PROVIDED MATERIAL Block Start
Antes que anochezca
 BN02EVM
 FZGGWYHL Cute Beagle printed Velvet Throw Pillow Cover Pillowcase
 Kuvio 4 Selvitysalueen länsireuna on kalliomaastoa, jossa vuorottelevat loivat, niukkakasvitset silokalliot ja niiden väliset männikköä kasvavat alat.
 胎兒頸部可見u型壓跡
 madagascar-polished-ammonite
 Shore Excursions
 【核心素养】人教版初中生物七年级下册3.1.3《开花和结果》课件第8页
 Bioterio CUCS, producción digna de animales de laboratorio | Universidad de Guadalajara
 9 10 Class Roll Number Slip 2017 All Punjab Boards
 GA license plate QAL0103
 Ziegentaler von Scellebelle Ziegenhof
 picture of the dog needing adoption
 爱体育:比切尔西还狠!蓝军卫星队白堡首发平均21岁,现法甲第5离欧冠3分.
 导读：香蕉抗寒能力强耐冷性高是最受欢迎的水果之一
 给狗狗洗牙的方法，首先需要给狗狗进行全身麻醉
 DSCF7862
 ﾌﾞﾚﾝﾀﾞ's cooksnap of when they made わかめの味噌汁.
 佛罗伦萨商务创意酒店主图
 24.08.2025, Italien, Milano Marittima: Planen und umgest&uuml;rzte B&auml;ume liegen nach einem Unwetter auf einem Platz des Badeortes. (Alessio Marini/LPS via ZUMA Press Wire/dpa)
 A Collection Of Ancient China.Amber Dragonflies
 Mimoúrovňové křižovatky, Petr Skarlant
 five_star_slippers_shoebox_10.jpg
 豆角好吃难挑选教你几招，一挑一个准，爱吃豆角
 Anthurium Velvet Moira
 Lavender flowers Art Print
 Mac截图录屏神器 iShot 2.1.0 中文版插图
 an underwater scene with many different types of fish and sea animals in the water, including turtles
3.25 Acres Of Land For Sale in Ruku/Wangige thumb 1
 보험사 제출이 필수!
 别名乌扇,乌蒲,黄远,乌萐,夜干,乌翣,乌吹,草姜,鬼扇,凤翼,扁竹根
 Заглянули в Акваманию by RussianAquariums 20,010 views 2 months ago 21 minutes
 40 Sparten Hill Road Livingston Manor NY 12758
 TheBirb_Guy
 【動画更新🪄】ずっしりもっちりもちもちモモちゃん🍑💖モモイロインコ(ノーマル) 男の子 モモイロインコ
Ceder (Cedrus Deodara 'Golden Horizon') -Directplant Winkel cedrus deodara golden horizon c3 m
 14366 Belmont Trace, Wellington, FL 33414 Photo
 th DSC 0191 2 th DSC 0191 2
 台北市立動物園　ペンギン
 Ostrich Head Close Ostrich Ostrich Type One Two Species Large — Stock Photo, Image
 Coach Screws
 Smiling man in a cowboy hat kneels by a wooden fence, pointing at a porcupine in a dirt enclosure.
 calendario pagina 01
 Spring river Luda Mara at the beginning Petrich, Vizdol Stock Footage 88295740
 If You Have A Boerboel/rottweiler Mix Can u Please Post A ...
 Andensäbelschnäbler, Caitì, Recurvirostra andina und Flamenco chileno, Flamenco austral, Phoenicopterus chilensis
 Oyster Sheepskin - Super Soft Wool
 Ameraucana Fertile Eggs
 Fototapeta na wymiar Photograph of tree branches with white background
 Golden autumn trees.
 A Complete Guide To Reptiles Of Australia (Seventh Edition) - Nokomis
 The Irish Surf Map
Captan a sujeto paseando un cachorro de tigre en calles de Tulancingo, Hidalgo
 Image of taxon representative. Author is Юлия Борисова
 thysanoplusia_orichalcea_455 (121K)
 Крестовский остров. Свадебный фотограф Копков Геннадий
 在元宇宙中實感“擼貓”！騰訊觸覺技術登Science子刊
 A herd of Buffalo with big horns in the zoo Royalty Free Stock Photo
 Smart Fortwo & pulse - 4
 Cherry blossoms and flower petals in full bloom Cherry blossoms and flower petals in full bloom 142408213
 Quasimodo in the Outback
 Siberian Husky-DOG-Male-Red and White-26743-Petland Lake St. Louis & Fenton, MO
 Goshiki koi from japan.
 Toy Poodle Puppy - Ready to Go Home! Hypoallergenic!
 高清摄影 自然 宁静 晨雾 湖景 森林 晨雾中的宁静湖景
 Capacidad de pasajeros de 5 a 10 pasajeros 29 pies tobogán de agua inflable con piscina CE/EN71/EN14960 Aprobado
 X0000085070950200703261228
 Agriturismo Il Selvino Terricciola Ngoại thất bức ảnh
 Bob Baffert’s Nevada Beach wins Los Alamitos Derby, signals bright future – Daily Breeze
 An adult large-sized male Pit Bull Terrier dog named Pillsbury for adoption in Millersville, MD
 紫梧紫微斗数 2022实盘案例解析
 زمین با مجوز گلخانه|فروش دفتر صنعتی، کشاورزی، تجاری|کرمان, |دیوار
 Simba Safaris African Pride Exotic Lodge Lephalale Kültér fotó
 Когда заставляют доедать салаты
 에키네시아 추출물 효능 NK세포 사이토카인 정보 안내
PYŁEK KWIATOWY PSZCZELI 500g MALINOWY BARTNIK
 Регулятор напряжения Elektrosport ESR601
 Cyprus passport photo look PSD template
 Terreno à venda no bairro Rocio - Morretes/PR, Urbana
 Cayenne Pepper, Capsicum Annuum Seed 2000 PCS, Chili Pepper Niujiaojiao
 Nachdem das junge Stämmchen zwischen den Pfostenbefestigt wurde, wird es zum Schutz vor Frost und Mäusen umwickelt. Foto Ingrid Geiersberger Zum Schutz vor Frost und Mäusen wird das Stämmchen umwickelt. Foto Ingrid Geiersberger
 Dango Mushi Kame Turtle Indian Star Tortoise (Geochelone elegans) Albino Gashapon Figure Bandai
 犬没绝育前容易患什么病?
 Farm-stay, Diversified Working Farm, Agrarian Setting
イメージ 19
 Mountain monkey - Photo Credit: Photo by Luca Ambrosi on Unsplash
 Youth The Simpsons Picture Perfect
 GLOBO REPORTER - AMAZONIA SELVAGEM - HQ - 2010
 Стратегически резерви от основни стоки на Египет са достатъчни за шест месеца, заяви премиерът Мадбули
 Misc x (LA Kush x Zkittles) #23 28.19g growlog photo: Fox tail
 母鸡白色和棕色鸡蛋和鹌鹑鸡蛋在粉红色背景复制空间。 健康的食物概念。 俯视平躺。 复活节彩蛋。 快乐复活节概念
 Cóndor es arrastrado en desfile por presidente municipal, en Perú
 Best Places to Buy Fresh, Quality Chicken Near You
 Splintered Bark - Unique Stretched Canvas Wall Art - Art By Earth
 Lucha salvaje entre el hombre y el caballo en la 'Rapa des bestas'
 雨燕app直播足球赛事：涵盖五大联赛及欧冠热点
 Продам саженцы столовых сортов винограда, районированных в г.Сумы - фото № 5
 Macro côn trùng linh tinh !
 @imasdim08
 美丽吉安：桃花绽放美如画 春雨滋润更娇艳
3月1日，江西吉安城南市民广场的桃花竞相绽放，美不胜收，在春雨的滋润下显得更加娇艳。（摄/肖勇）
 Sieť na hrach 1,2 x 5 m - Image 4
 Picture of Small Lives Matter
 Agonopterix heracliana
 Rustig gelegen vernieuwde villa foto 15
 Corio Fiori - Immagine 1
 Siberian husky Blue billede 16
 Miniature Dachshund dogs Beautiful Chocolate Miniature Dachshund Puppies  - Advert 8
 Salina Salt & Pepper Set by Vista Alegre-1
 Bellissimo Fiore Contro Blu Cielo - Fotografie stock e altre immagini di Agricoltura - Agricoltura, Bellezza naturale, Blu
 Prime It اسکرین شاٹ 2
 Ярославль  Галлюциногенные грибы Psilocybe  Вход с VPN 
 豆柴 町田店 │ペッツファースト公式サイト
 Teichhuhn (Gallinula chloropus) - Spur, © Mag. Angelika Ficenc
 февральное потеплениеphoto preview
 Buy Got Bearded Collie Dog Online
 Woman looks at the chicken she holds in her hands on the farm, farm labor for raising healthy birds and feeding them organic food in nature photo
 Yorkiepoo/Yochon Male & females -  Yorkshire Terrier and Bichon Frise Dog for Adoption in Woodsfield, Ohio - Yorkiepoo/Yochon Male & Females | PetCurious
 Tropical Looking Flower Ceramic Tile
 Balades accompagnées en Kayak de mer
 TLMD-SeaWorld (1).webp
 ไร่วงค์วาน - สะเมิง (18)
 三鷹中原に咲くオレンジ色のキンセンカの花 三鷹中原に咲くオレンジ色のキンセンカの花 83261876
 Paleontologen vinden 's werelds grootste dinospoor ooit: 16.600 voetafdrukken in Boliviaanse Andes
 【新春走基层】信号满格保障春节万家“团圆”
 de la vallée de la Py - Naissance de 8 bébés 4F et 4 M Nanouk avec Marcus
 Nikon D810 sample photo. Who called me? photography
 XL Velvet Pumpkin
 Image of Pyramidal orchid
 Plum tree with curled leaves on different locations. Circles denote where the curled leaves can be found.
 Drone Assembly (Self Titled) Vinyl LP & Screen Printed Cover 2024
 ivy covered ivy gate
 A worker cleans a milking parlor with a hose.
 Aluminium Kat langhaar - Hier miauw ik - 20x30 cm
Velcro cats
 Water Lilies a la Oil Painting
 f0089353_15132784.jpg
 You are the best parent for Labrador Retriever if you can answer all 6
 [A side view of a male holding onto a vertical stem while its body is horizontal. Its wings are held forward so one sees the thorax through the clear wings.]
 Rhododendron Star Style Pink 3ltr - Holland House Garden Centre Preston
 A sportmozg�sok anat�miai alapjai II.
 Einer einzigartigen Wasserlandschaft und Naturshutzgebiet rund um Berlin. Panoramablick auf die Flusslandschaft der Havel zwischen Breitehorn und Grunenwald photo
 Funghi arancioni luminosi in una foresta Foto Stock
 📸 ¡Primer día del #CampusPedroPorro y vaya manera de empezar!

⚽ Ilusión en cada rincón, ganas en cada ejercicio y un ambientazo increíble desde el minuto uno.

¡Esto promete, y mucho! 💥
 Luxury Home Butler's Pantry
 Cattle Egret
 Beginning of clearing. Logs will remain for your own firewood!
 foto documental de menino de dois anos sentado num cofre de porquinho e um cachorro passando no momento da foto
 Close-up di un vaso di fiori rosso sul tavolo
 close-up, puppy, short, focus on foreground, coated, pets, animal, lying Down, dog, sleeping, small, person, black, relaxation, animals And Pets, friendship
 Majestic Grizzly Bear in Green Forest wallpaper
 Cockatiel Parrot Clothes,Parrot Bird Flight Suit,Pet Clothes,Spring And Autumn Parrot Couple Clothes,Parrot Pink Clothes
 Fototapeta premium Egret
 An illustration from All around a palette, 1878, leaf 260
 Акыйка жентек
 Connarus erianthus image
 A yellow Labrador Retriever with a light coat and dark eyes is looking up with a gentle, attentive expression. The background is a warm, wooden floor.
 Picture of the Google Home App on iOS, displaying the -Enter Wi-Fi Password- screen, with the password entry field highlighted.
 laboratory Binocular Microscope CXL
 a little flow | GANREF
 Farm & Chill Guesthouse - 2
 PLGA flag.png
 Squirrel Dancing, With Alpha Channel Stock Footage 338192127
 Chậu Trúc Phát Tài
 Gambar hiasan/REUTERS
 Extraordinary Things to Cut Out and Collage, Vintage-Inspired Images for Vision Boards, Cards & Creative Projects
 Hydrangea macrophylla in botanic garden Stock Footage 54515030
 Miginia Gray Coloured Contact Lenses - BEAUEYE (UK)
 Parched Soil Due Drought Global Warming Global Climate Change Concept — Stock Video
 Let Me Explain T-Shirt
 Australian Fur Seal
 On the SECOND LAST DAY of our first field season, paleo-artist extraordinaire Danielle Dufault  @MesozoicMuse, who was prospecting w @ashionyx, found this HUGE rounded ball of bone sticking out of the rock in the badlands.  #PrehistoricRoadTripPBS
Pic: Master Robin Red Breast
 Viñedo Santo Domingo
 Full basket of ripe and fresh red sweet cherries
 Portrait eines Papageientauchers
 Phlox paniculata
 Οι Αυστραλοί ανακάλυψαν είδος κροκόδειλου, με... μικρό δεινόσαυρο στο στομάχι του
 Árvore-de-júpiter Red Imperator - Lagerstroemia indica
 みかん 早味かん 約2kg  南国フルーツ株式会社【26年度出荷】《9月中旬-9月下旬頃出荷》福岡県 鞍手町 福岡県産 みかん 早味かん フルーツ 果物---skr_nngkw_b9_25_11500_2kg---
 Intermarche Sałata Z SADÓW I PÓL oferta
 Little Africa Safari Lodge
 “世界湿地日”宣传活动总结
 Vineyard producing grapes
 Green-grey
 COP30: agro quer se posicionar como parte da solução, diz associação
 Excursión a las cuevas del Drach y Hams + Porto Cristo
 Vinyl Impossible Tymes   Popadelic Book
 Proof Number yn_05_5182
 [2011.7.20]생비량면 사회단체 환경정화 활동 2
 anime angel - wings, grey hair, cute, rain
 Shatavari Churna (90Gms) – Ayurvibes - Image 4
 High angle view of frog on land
PROVIDED MATERIAL Block End
> **WHAT YOU SHOULD DO**
Only lines holding "Pepper" are wanted; copy all of them from the listing.

> **TASK RESPONSE**
 Cayenne Pepper, Capsicum Annuum Seed 2000 PCS, Chili Pepper Niujiaojiao
 Salina Salt & Pepper Set by Vista Alegre-1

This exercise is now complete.